• PROBLEM STATEMENT: Only the lines below, from the one with "5V SW-520 Tilt" through the one with "La policía halló", are to be written out, exactly.

• DATASET CONTENT:
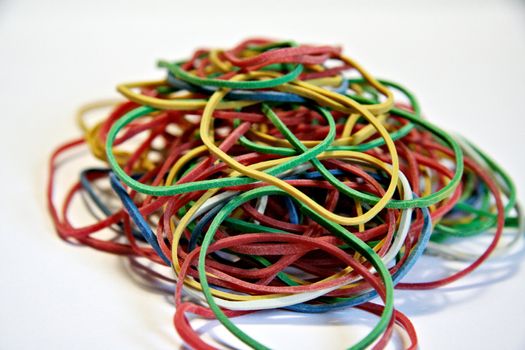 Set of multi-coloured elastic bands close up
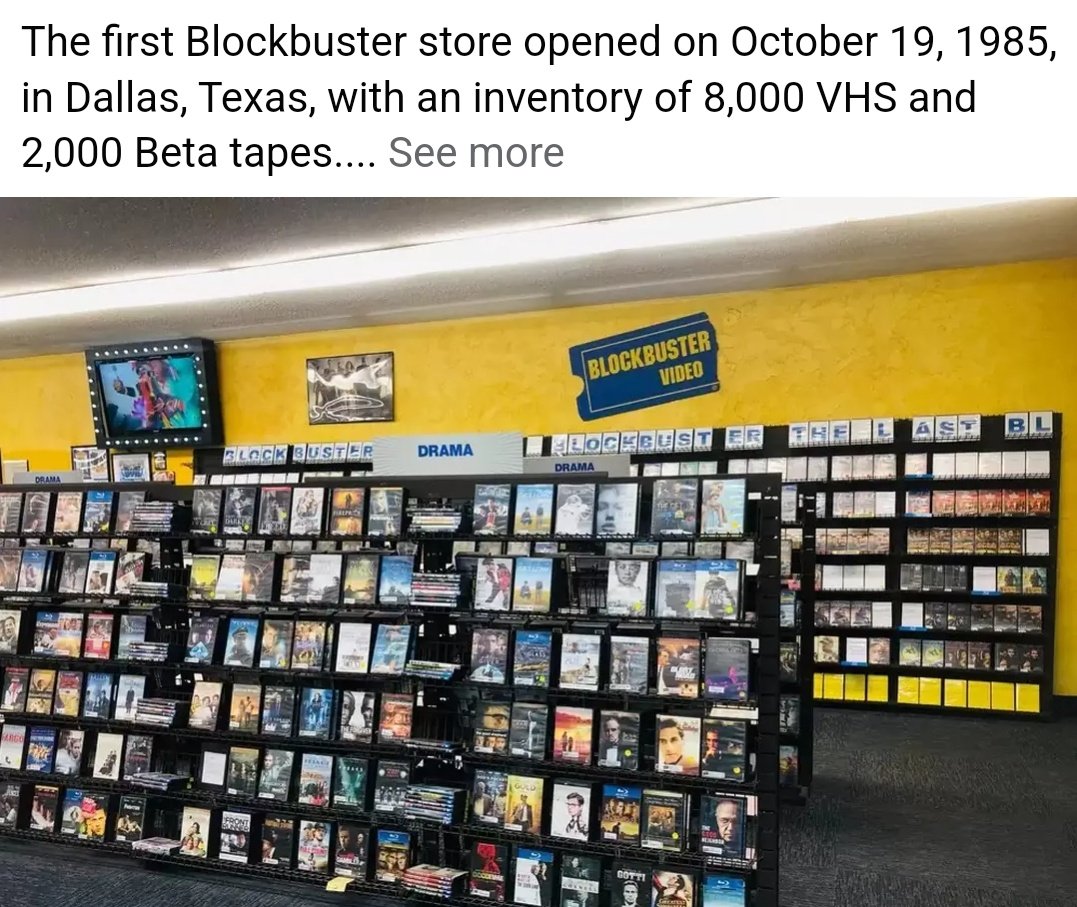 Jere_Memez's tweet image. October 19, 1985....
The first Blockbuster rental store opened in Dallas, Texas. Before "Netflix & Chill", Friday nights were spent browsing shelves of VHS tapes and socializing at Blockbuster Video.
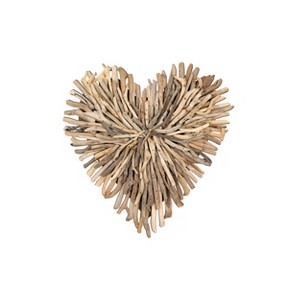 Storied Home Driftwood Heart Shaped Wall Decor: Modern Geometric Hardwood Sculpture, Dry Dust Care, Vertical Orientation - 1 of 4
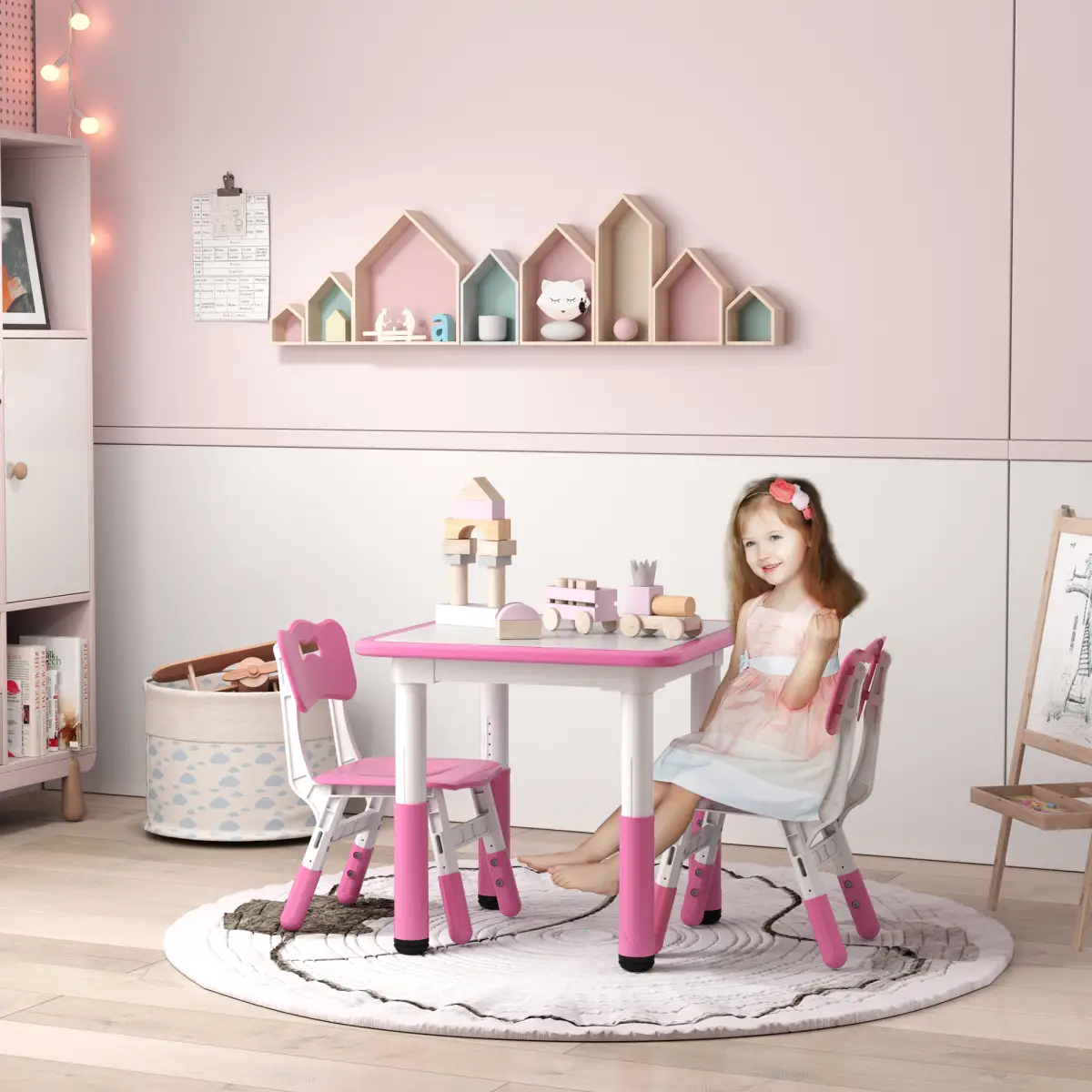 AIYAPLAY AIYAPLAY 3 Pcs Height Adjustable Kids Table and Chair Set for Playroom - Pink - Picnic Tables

---

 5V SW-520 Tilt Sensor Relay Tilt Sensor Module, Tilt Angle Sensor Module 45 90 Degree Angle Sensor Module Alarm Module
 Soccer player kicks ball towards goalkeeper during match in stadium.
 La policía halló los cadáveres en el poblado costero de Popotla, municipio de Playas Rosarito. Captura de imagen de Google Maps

==

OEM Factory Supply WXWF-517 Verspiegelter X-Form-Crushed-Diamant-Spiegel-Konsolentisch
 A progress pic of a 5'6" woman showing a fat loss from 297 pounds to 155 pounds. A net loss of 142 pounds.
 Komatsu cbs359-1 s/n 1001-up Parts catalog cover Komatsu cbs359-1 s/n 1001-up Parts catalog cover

• ANSWER TO THIS TASK:
 5V SW-520 Tilt Sensor Relay Tilt Sensor Module, Tilt Angle Sensor Module 45 90 Degree Angle Sensor Module Alarm Module
 Soccer player kicks ball towards goalkeeper during match in stadium.
 La policía halló los cadáveres en el poblado costero de Popotla, municipio de Playas Rosarito. Captura de imagen de Google Maps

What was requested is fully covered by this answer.